→ Information provided:
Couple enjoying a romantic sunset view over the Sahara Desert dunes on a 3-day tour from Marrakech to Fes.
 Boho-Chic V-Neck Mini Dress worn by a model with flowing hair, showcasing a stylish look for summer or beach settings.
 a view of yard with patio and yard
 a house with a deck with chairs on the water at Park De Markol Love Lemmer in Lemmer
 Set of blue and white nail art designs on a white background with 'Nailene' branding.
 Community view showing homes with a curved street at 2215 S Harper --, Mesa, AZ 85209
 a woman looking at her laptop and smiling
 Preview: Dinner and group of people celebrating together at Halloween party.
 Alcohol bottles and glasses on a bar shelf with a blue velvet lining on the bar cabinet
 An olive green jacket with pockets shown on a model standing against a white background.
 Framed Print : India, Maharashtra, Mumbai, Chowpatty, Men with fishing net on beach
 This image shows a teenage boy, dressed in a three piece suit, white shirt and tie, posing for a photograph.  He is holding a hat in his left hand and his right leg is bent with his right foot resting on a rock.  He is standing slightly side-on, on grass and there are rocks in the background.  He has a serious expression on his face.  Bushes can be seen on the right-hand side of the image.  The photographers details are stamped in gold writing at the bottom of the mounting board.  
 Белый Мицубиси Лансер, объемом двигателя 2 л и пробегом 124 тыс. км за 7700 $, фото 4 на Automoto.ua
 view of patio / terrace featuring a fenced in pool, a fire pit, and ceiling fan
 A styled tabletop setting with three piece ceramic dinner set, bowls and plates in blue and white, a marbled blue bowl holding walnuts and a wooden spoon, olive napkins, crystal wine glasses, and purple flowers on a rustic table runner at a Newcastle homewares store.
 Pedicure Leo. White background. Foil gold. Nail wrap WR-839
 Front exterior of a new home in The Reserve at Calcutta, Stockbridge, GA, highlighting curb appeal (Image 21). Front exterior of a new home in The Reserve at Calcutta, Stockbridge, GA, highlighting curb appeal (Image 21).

→ Task: All that is wanted is the line with "Белый Мицубиси Лансер, объемом" and every later line in the entries, reproduced exactly.

→ Final answer:
 Белый Мицубиси Лансер, объемом двигателя 2 л и пробегом 124 тыс. км за 7700 $, фото 4 на Automoto.ua
 view of patio / terrace featuring a fenced in pool, a fire pit, and ceiling fan
 A styled tabletop setting with three piece ceramic dinner set, bowls and plates in blue and white, a marbled blue bowl holding walnuts and a wooden spoon, olive napkins, crystal wine glasses, and purple flowers on a rustic table runner at a Newcastle homewares store.
 Pedicure Leo. White background. Foil gold. Nail wrap WR-839
 Front exterior of a new home in The Reserve at Calcutta, Stockbridge, GA, highlighting curb appeal (Image 21). Front exterior of a new home in The Reserve at Calcutta, Stockbridge, GA, highlighting curb appeal (Image 21).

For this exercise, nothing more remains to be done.